発端は、世界に身を捧げたコスタリカの聖女が抱いた願い。
刻々と命を削りながらも、けれど一度として私腹を肥やすためにチカラを使わなかった彼女の、たったひとつの我儘。
〔あの人に会いたい。あの人と出会いたいの〕
それを叶えるべく、知己だった父に与えられた、遥か未来の技術と知識。
そこから二十年以上の歳月をかけて作られたのが、他ならぬ私。
〔どうか、お願い〕
請われるまま、私は役目を果たした。
藤堂月彦と榊原リゼが、双方に縁もゆかりも無い地である山梨の大学に通うよう仕向けた。

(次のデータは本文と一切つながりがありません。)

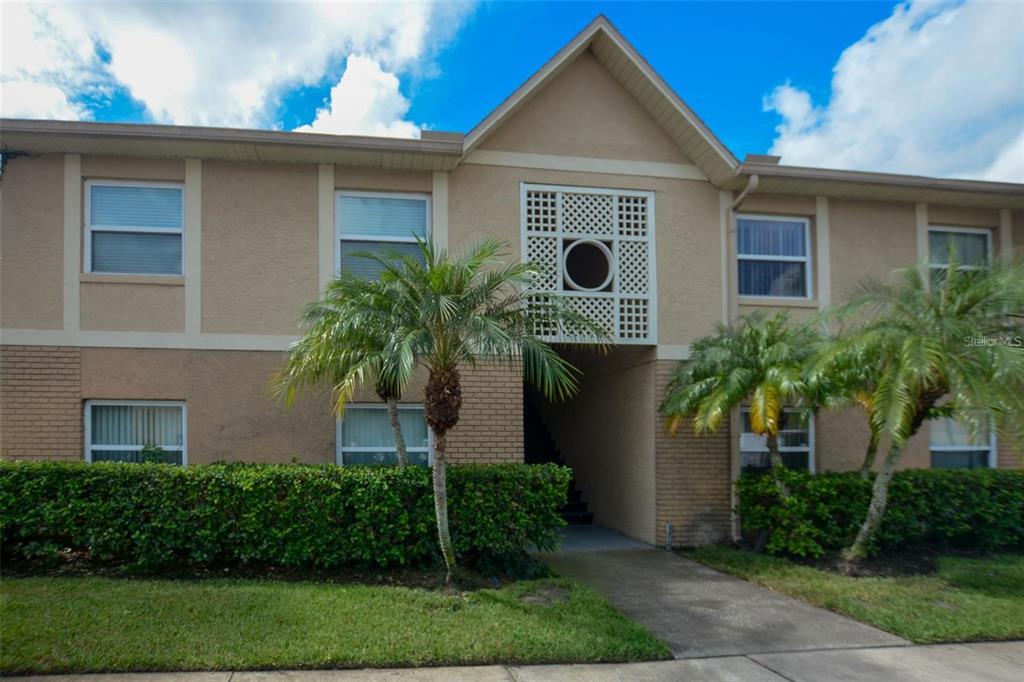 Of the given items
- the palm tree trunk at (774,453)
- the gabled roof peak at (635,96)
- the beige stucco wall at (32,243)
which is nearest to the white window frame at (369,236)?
the gabled roof peak at (635,96)

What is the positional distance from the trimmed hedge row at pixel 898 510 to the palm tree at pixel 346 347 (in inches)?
200

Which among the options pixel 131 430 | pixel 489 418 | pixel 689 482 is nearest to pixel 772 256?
pixel 689 482

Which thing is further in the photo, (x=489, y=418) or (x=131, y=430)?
(x=489, y=418)

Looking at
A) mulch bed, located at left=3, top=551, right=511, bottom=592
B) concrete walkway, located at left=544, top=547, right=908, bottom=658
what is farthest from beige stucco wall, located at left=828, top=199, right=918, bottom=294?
mulch bed, located at left=3, top=551, right=511, bottom=592

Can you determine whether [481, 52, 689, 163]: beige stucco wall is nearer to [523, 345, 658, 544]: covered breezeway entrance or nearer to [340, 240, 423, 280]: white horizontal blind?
[340, 240, 423, 280]: white horizontal blind

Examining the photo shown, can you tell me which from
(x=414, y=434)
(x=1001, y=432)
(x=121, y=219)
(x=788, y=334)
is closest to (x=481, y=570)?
(x=414, y=434)

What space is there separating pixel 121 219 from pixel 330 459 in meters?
4.35

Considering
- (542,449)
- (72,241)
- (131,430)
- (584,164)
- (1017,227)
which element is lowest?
(542,449)

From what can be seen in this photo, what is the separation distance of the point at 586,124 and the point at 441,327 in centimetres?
499

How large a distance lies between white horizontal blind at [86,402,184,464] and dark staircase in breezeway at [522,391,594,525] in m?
6.41

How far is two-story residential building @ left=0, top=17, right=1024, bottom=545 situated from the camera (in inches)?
361

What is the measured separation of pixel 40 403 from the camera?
8992mm

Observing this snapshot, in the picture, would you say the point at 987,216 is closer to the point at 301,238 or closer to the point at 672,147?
the point at 672,147

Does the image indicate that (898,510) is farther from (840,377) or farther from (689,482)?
(689,482) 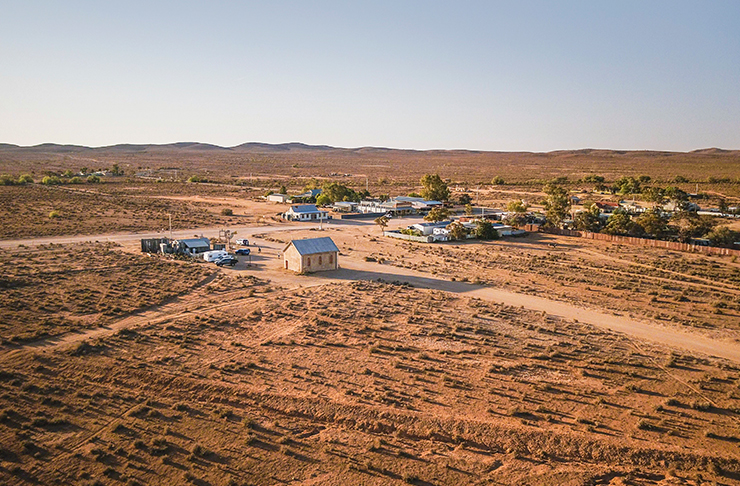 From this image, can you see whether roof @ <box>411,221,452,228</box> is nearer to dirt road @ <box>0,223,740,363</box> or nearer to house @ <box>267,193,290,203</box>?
dirt road @ <box>0,223,740,363</box>

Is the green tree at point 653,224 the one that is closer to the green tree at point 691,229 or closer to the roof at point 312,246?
the green tree at point 691,229

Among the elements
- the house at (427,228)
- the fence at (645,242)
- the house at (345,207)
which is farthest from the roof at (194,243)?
the fence at (645,242)

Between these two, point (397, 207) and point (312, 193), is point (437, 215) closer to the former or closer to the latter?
point (397, 207)

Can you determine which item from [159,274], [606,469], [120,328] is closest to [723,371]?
[606,469]

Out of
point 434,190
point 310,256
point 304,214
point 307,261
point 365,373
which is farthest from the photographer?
point 434,190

小比類巻つむぎの容態が悪化した時期に合わせ、藤堂月彦に一億円の金銭が入るよう図った。
ほんの僅かに水先を傾けるだけの、些細な誘導。
けれど、斯くして少しずつ、望む形に歯車は回り始めた。
魔人、死神、怪物。
〔私の罪深き行いを、きっと神は赦されないでしょう〕
そんなこと。
貴女が居なければ、とうに世界は滅んでいたのに。
〔あの人は、饗宴の引鉄〕
善き未来への導き手とあれかし。
事象革命から間も無い頃、当時は今より遥かに貴重品だったスキルペーパーを手に入れた際、受けたという啓示。
〔本来、
世界最強の肉体を持つ男、
事象すら裂く人外剣魔、雪代萵苣。
剣魔の娘にして星撃ちの銃手、雪代硝子。
生まれついての超越者、リシュリウ・ラベル。
孤独な頂点、凹田凡次郎――改め、斬ヶ嶺鳳慈。
事象革命以降の百年間に於いて、純粋な武力暴力で惑星単位の破壊行為が可能と見做される超人達。
そんな連中と同格の存在を芽吹かせたとなれば、確かに誉められた話じゃない。
――でも。一体、誰が彼女を責められようか。
〔震えるばかりだった私を、あの人は救ってくれたの〕
か細い肩には重過ぎる荷を、文字通り死ぬまで背負い続けた。
築いた富の全てを人類のために費やし、自らは清貧で在り続けた。
〔直に会って、言葉を交わせたなら。地獄に落とされたって構わない〕
そんな彼女が何かを望んだのであれば、それを否定する権利など誰にも無い。
私が誰にも、否定させない。
…………。
故に。故にこそ、赦し難いのだ。
〔はあっ……早く、会いたい……〕
どれだけ思慕を向けようと、あいつは。あの男は。
貴女のことも――私の、ことも――
――全て全て、忘れてしまうのだから。